US consumer confidence falls, inflation may not

US consumer confidence fell in April. Bloomberg reports:

Confidence among U.S. consumers fell to a 26-year low after employers fired workers and gasoline prices surged, threatening the spending that accounts for more than two thirds of the economy.

The Reuters/University of Michigan preliminary index of consumer sentiment decreased to 63.2 this month, the weakest level since 1982, when the jobless rate approached 11 percent, the worst since the Great Depression...

The fall in consumer confidence comes as inflation expectations are rising.

Consumers polled in today's survey said they expect an inflation rate of 4.8 percent in a year, compared with 4.3 percent projected last month.

There are good reasons for the rise in inflation expectations.

In other figures released today, the Labor Department reported that the cost of imported goods climbed 14.8 percent in March from a year ago, led by oil...

Import prices rose 2.8 percent in March after a 0.2 percent gain the prior month, the Labor Department said. Expenses excluding fuels jumped 0.9 percent, the most since records began in 2001.
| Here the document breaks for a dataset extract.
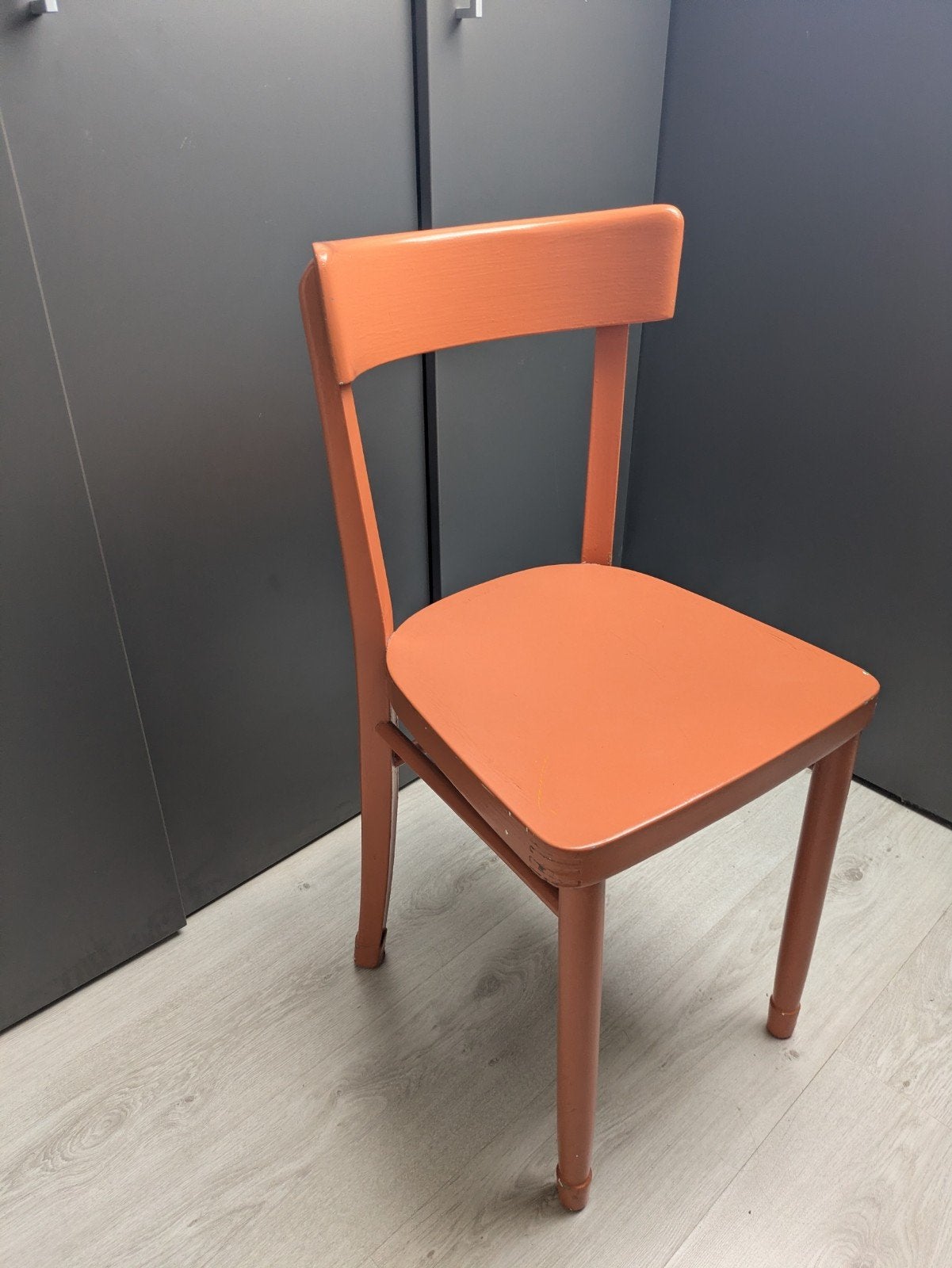 Roze geverfde stoel, Huis en Inrichting, Stoelen, Ophalen, Gebruikt, Overige kleuren, Vintage, Speels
It is a similar situation in Japan. From AFP/CNA:

Japan's wholesale inflation rate hit a fresh 27-year high of 3.9 per cent in March as companies struggled to cope with soaring raw material and energy costs, a report from the central bank showed.

Producer price inflation accelerated from a revised annual rate of 3.6 per cent in February, the Bank of Japan said. It was the strongest rise in corporate goods prices since February 1981.
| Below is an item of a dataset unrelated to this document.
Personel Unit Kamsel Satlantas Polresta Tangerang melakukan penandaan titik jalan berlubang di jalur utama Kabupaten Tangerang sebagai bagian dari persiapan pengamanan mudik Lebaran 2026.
Inflation could hang around for quite a while longer, according to an ECB official. From Bloomberg:

European Central Bank council member Axel Weber said he doesn't see any scope to cut interest rates with inflation running at the fastest pace in almost 16 years...

"I fear that current inflation rates will remain for most of the year," Weber said. "It's important that there aren't any new inflationary pressures. We won't tolerate broad price pressures."

Morgan Stanley's Joachim Fels and Manoj Pradhan probably aren't surprised by all this inflation. They say that monetary policy in most of the major economies, including the euro area, are expansionary.

In the US, the Fed’s 200bp of rate cuts in 1Q have taken the actual fed funds rate way below the natural rate... Thus, US monetary policy is now firmly back in expansionary territory, as it was for most of this decade with the exception of 2000 and 2006-07...

In the euro area, our estimates also suggest that monetary policy is expansionary, though only moderately so... It should hardly come as a surprise then that inflation in the euro area is running significantly above the ECB’s comfort level...

[We] conclude that monetary policy in the three largest EM economies (China, India and Russia...) appears to be very expansionary at this stage... Against this backdrop, we reiterate our long-held view that inflation expectations are too low and investors would be well advised to buy protection against higher inflation.

Meanwhile, China's monetary policy may be expansionary but its trade surplus shrank 10 percent in the first quarter from a year ago despite a rebound in March.

The US trade balance hasn't benefited as a result. On Thursday, the Commerce Department had reported that the trade deficit widened 5.7 percent in February despite a fall in the deficit with China and a fall in the import of crude oil.